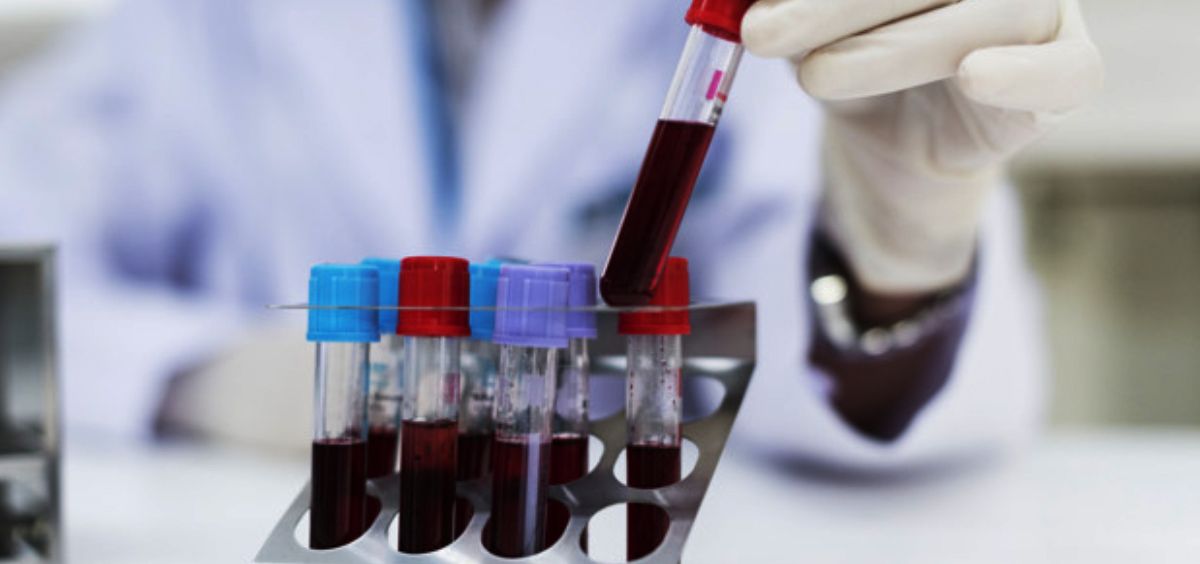 Desarrollan un análisis de sangre para predecir el riesgo de cáncer de hígado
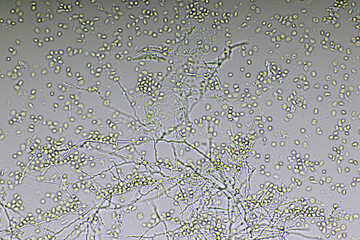Picture of fungus and red blood cells in hemoculture tube, analyze by microscope 400x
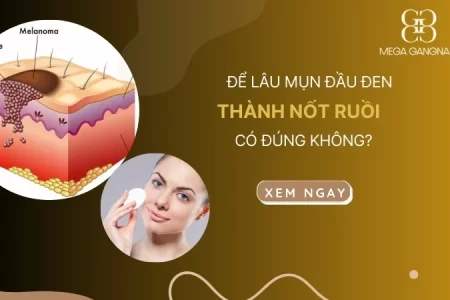 Để lâu mụn đầu đen thành nốt ruồi có đúng không?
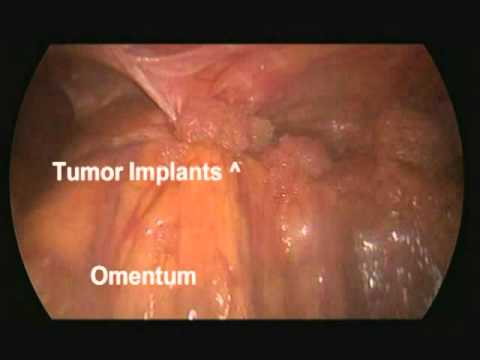 Recurrent Uterine And Ovarian Cancers - Estimation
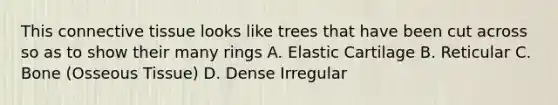 This connective tissue looks like trees that have been cut across so as to show their many rings A. Elastic Cartilage B. Reticular C. Bone (Osseous Tissue) D. Dense Irregular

------

Task prompt | Would you copy out the material above exactly, without the pictures in it?

Exercise output |
 Desarrollan un análisis de sangre para predecir el riesgo de cáncer de hígado
Picture of fungus and red blood cells in hemoculture tube, analyze by microscope 400x
 Để lâu mụn đầu đen thành nốt ruồi có đúng không?
 Recurrent Uterine And Ovarian Cancers - Estimation
 This connective tissue looks like trees that have been cut across so as to show their many rings A. Elastic Cartilage B. Reticular C. Bone (Osseous Tissue) D. Dense Irregular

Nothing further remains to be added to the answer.